De qualquer forma, a geração da transição desaparecerá e existirá uma nova geração que crescerá e será educada nesse novo mundo. E é bastante provável que neste momento a sociedade já tenha entrado em uma fase melhor e mais duradoura se comparado ao que vivemos hoje, pelas seguintes razões:

Primeiro: A população continuará a aumentar por mais alguns anos e isso tornará a transição mais dolorosa. Os governos serão incapazes de esconder  de si mesmos o fato de que nenhuma adversidade poderá ser resolvida enquanto os problemas causados pelo aumento populacional se intensificarem mais rápido do que puderem resolver.   

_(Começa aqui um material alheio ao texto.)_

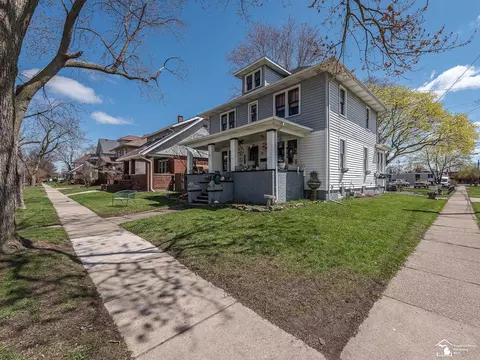 737 Cass, Monroe, MI 48161 photo 55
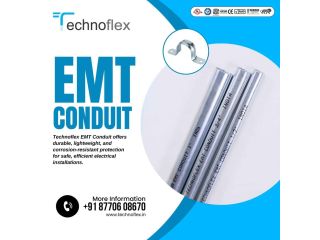 emt-conduit-pipe-technoflex-small-0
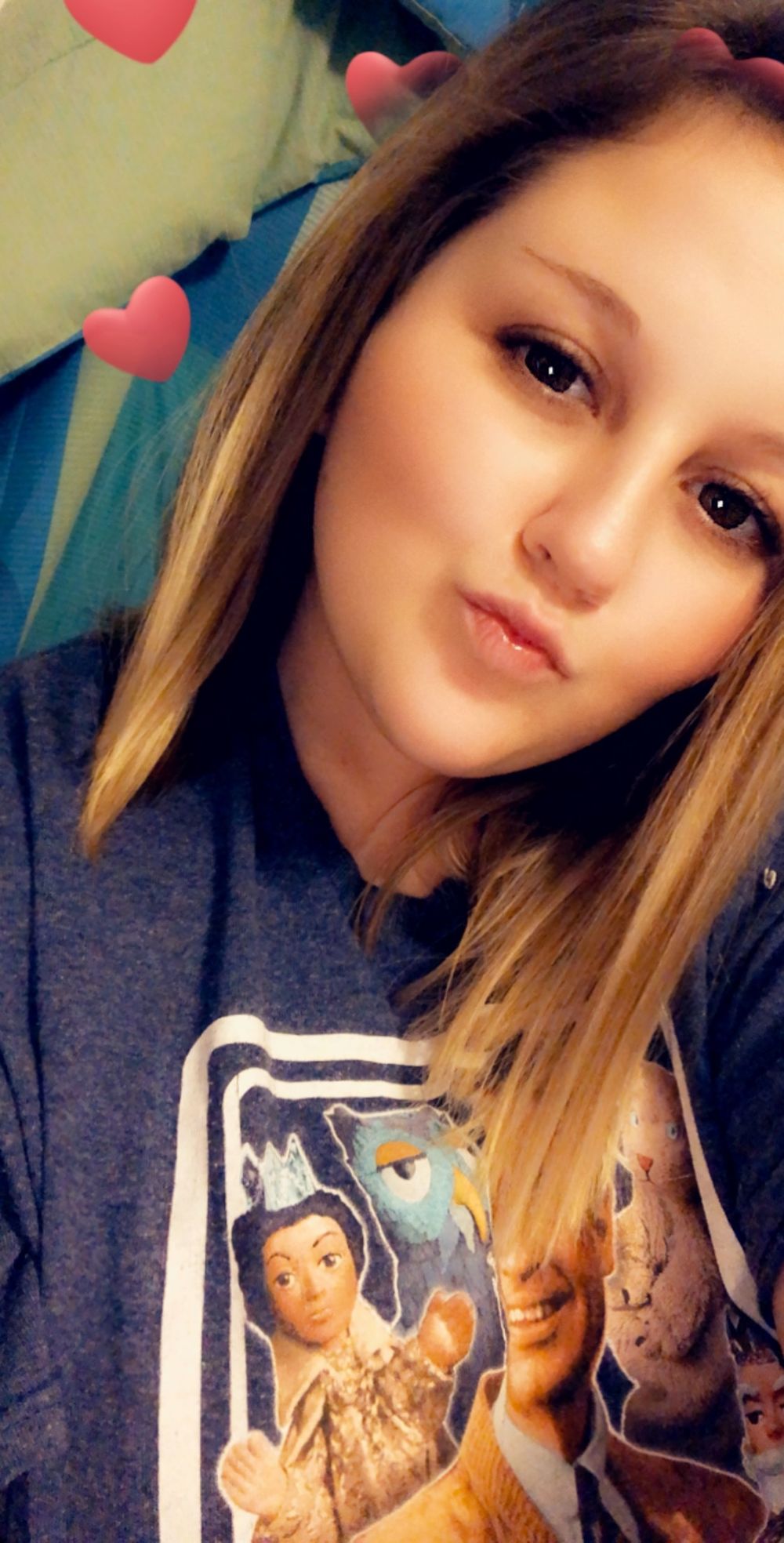 u81519763 OnlyFans profile picture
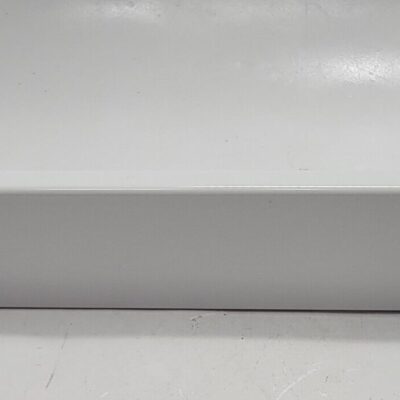 Genuine Refrigerator Kenmore Door Shelf Part#2309718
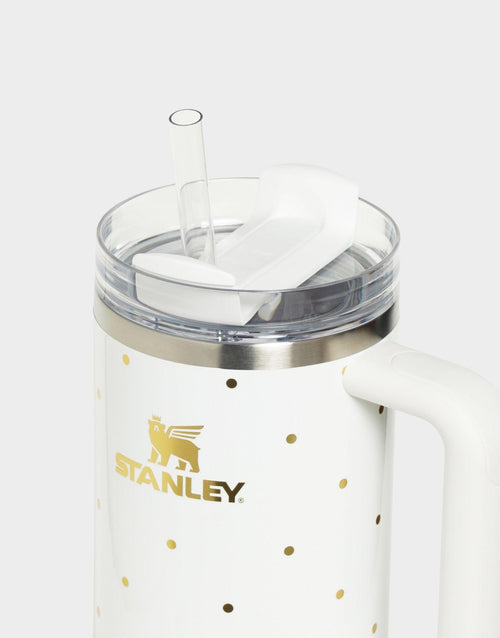 30 oz Quencher 2.0 FlowState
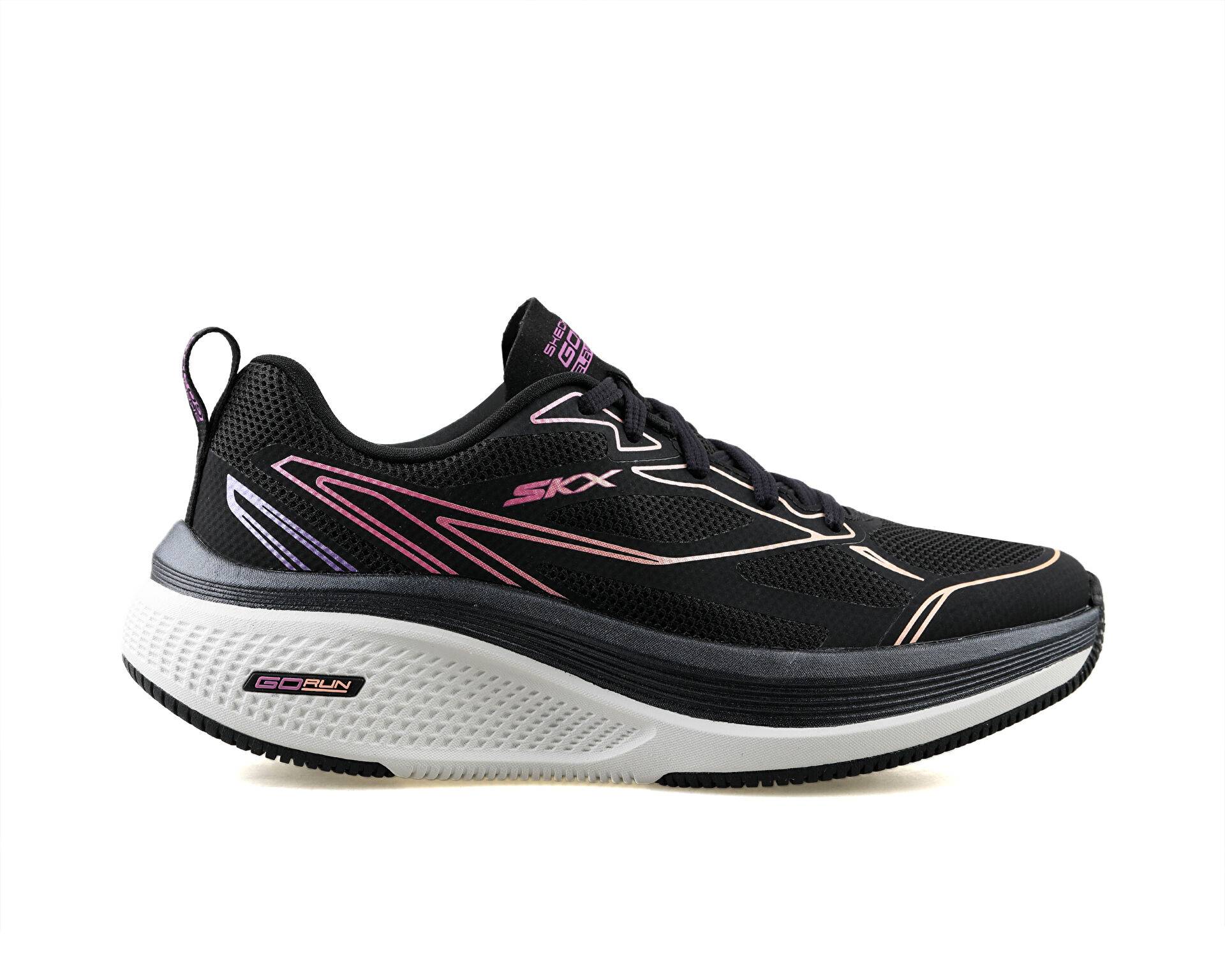 کفش دویدن Skechers Go Run Consistent 2.0
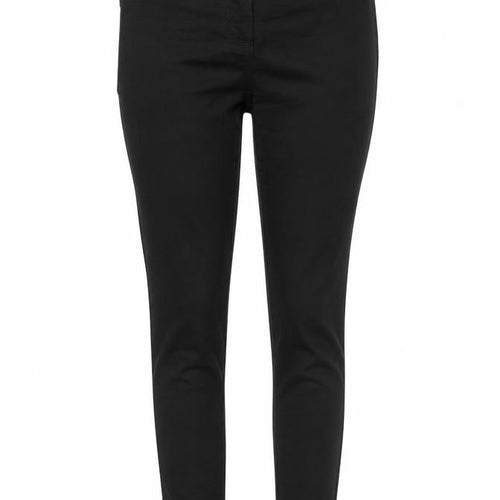 COLLUSION Womens Black  Denim Jegging Leggings Size 28 L28 in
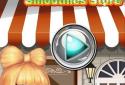 Smoothies - jeux pour enfants screenshot 1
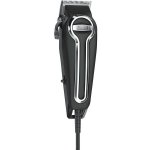Wahl Elite Pro – Sleviste.cz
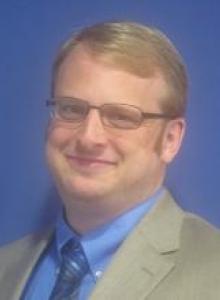 MATHEW WILDER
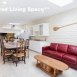 Main picture of Condominium for rent in Los Angeles, CA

O Esforço para evitar que isso aconteça por meio do incentivo a redução da taxa de natalidade será cada vez mais forte e já que em 2019, o mundo estará a beira do limite populacional. 

Segundo: As consequências da irresponsabilidade humana em termos de desperdício e poluição se tornarão mais aparentes e insuportáveis com o passar do tempo e o esforço para se lidar com esse problema será mais árduo. É de se esperar que até 2019, os avanços da tecnologia coloquem em nossas mãos ferramentas que nos ajudarão a acelerar o processo pelo qual a deterioração do meio ambiente poderá ser revertida. 

Terceiro: Poderá haver um esforço financeiro mundial para tratar ou aliviar as dores que essa transição deverá causar, permitindo um nível mínimo de sanidade e equilíbrio entre os povos do mundo. Considerando que, no passado, muitas nações alimentaram entre si disputas consagradas pelo tempo, ódio e suspeitas mesquinhas.

Em resumo, haverá uma cooperação crescente entre as nações e entre os grupos dentro das nações, não por causa do súbito crescimento de idealismo ou de decência, mas sim pela percepção fria de que qualquer coisa menor que cooperação mutua poderá significar a destruição de todos.

 Então, em 2019, pode ser que as nações estejam se relacionando bem o suficiente para permitir que o planeta viva sob um aparente governo de cooperação mundial, mesmo que ninguém admitia a existência desse governo. 

Apesar de avanços negativos como: a derrota para a superpopulação, a poluição e o militarismo, haverá avanços positivos também. 

A educação, que deve ser revolucionada no novo mundo, será transformada pelo agente que demanda a evolução: o computador.

 As escolas, indubitavelmente, continuarão a existir, mas um bom professor  fará o seu melhor para inspirar a curiosidade e ao chegar em casa o aluno interessado complementará seu conhecimento fazendo uso de seu computador. 

Finalmente, haverá para cada jovem e certamente para cada pessoa a oportunidade de aprender o que ele ou ela quer aprender, em seu próprio tempo, na sua própria velocidade, de sua própria maneira. 

A educação tornar-se-á divertida porque ela surgirá a partir de dentro e não será forçada de fora para dentro. 

No amanhecer de 1984, Isaac Asimov previu que os robôs seriam comuns no ano de 2019. “Eles existem e têm diversas formas, mas eu acho que uma parceira sexual coberta com pele de silicone deve estar um passo além da imaginação do Dr. Asimov.” – palavras de FRED DUFOUR.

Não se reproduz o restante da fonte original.